And I quote...Shannon Kyles, intrepid world traveller and architecture photographer, architecture professor and creator of the amazing websites www.ontarioarchitecture.com and www.lookuparchitecture.com, suggests there are three words to describe Romanesque Revival architecture..heavy, heavy and heavy. Have a look at the winter issue of Arabella magazine for Shannon's article on the style, and luxuriate in the rich photographs that accompany it.
But if you don't have Arabella close to hand, you may have to settle for these shots I took as I ogled my way along a summery Toronto street recently.
The history of architecture is just full of revivals - like fashions in clothing - humans look back and redo old ideas, when we can't think of anything else to build, or when the ideas of a time long past conjure up something important we want to express. The Romanesque Revival style (c.1840-1900) draws on the Romanesque building styles which emerged out of the darkness of the Middle Ages in Europe. Its heavy character speaks to the need to fortify one's home and castle against the savage folk who occupied the wild land between the few bits of civilization, those small city states which survived or reemerged after the fall of the Roman Empire left Europe temporarily without a landlord.
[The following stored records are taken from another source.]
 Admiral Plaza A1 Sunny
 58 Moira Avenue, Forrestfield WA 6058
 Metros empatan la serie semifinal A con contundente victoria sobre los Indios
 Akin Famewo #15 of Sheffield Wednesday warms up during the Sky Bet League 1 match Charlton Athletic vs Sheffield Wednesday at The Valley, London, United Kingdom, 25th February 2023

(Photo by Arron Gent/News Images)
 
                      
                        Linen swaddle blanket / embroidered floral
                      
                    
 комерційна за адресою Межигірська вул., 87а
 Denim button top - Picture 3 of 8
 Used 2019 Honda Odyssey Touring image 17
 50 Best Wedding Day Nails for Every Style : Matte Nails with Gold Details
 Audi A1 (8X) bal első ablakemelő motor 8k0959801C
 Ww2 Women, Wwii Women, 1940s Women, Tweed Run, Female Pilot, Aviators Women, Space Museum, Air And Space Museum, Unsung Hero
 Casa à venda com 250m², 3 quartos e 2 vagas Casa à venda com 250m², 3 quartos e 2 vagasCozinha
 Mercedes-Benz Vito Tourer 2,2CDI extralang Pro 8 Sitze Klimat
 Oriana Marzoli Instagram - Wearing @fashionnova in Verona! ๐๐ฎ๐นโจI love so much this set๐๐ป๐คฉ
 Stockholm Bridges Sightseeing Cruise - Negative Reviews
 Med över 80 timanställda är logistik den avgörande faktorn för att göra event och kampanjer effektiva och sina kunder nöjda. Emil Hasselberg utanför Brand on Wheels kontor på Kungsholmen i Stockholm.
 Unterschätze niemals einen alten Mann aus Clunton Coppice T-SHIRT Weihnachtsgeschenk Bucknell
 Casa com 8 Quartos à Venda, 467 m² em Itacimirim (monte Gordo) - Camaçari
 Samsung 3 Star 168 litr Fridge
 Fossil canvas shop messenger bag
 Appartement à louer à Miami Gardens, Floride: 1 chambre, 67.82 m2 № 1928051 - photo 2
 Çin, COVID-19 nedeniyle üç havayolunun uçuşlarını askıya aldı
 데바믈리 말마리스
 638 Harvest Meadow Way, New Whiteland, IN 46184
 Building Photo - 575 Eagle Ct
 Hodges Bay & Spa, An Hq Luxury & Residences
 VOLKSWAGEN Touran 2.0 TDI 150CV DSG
Details of the Romanesque Revival include rounded arches, often compound, with heavy voussoirs; decorative arcading (repeating patterns of arches) ;lots of massive rusticated stonework in basements and trim, carving in Byzantine sinuous patterns, usually depicting faces, vines, creatures; pillars on massive piers; deep sheltered entrance-ways. Check...all of the above.
It's said that Romanesque Revival was a style popular with wealthy 19th century industrialists. The fortress mentality would fit. What a great way to say "I've got the power!" to folks dropping by for dinner. A house of substance for a man (exclusively male domain, c.19 business) of substance.
I expect this would be considered an eclectic Queen Anne with Romanesque Revival affectations. I love the 'woven' terracotta first storey above the requisite lumpy stone foundation.
Rounded arch - check. See first and third floor windows. Deep entrance porch with archway supported on piles.Carving - notice the row of billets under the second storey window sill - check out any Romanesque period doorway (Lincoln Cathedral's a good one) for the inspiration.